— Купить, конечно, запросто… но, — Сонечка наклонилась поближе: — кто на нас подумает? Мы же немаги – робкие, запуганные и волшебства боимся.
Судя по хихиканью близняшек, сестры очень неплохо устроились в городе, где правит магия.
— Продавай землю, — веско посоветовала Лизочка. — Если кто-то на нее глаз положил, жить тебе спокойно все равно не дадут, против сильной магии нет приема, окромя более сильной магии. Купишь себе жилье. Например, в Дивном Квартале. Дороговато, но зато соседство такое, — сестры синхронно закатили глаза. Я так понимаю, это они о всяких там наядидах, дриадидах и прочей нимфомании. — И начинай жениха подыскивать. Главное, не химера и не кровососа какого-нибудь. Дивные – тоже так себе мужья, развлечься разве. А вот оборотни попадаются хорошие.

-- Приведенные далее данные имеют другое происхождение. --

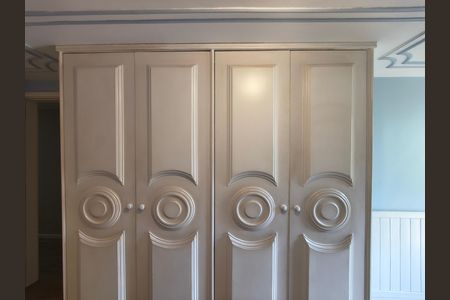 Apartamento para alugar com 200m², 3 quartos e 3 vagasPlanejado - Quarto 2 Suite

— Я лучше за… немага, — робко призналась я. — Я их боюсь, оборотней.
Сонечка фыркнула:
— Немага ты и у нас, в Кривовцах, могла бы подцепить. Целься выше. Что ни говори, а деткам магию передать – дело хорошее.

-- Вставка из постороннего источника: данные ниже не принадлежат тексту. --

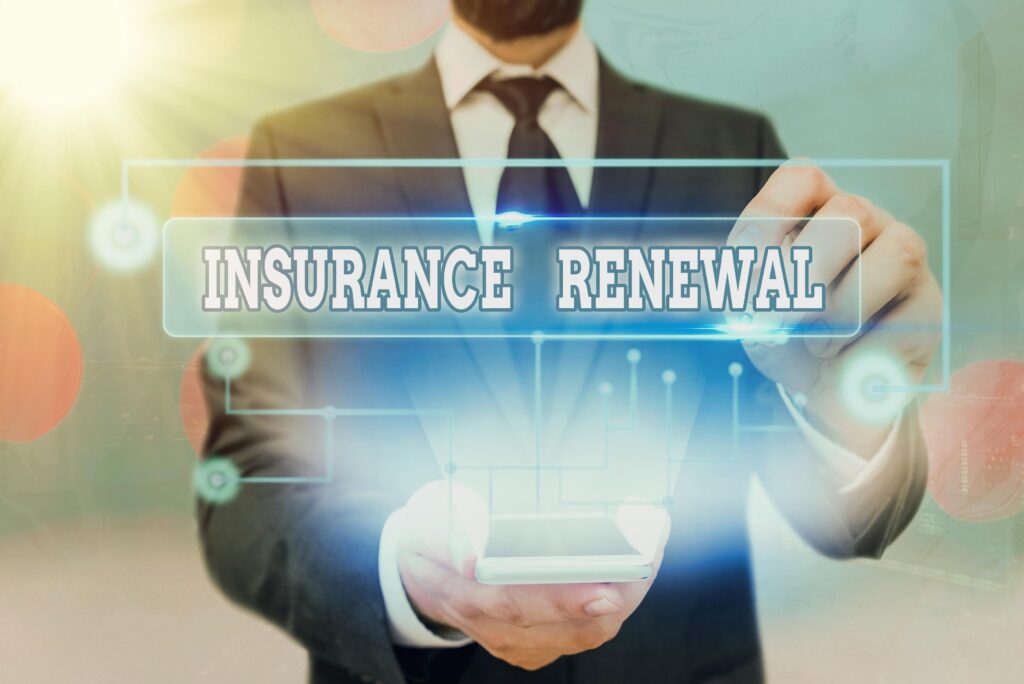 How to Set Reminders for Insurance Renewal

Мы выпили за деток, магию и немагов. На сцене появился молодой человек, судя по виду, тоже Дивный. Мы до слез смеялись над его байками о ведьмаках. Не знала, что ведь-маги Сильверграда такие лентяи, всегда считала их героями и борцами против навьих. Затем на сцену вышел фокусник. Гостей клуба он удивлял тем, что показывал всякие необычные трюки без использования волшебства: вытягивал из рукава бесконечную ленту, рвал и собирал вместе игральные карты и прятал в цилиндр голубей.
В ходе представления ему потребовался помощник из зала, и я храбро взялась спасти застрявшего в таинственных коробках кролика. Не знаю, что на меня нашло. Наверное, вино в голову ударило. Факир поставил шуточное условие: чтобы спасти бедную живность, нужно спеть. Мне уже море было по колено, и я завела старинную народную песню о несчастной деве, выданной замуж за некроманта.
Голосок у меня всегда был приятным, хоть и несильным, и посетителям клуба явно понравилось. Если бы я знала, насколько, немедленно дала бы деру.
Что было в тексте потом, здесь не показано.